Kafamı duvarlara sürte sürte merdivenlerden çıkmak istiyordum. Yorgunluğun vermiş olduğu sinirle yan taraftaki korkuluklara sertçe tutundum ve basamakları yavaşça çıkmaya başladım. Min Gıcık Eden Yoongi, bu sefer de odasına beni çağırmıştı. Sanki beni Jennie ile birlikte çağırsa ölürdü? Sabahtan beri hasta halimle sürekli merdivenleri in çık yapmıştım, sınıfımızın son katta olması da cabasıydı.

İç çekip, gelmiş olduğum müzik odasının kapısını tıklattım. İçerden 'gir' sesini duymamla, yüzümü buruşturdum. Ve kabaca içeri daldım.

İçerde kahvesini yudumlayarak masasında oturan müzik öğretmenimiz ve Bay Min'in masasının önündeki koltuğa yayılmış Taehyung vardı. Taehyung mu vardı? Taehyung'un burada ne işi vardı?

İçimdeki fangirl çığlık atıp yerlerde tepinmeye başlamıştı ki Bay Min'in sesiyle kendime geldim.

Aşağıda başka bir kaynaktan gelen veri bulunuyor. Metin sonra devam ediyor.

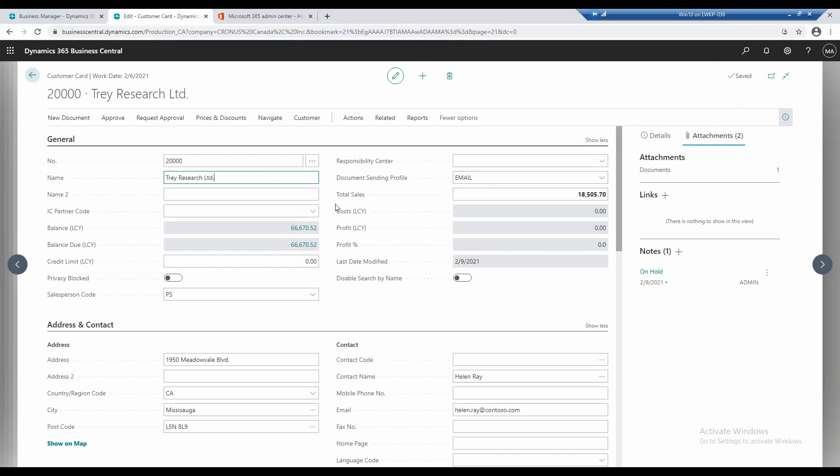So, let me do that again, just to show you that. So, limited, for example, if I spell it out, I can actually do that. I can tab out and it goes saving and then save. So, it saves it to the database.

"Jisoo, hoşgeldin. İyi ki sana erken gel dedim, bir de demesem ne zaman gelecektin merak ediyorum."

Alayla konuştuğunda gözlerimi devirmek istedim ama kendimi zorlukla tuttum. Taehyung beni güzel ve tatlı bir kız olarak görmeliydi. Beni normal sanmalıydı. Manyak biri olduğumu asla bilmemeliydi.

Bay Min'e yapmacık bir şekilde gülümseyip, Taehyung'un karşısındaki koltuğa yerleşmiştim. Bay Min önündeki dosyaları karıştırmaya başladığında ben de Taehyung'a bakmamaya çalışıyordum fakat pek başarılı olduğum da söylenemezdi.

"Hyung," dedi Taehyung gülümseyerek.

Tam konuşmaya devam edecekti ki Bay Min kafasını kaldırıp Taehyung'a baktı ve gözlerini kısıp sinirle onu süzdü. Ne yalan söyleyeyim, şu an ben bile korkmuştum. Ama Taehyung umursamış gibi görünmüyordu.

"Taehyung! Sana kaç kere okulda bana 'hyung' diye hitap etme dedim?"

"Üzgünüm Bay Min."

Taehyung yapmacık bir şekilde konuştuğunda Bay Min ofladı. Ne yazık ki içinden sabır dilediğini bilecek kadar iyi tanıyordum onu.

"Jungkook bizim okula nakil olacakmış."

Müzik öğretmenimiz kahvesinden bir yudum daha aldı ve boş bakışlarla bize baktı.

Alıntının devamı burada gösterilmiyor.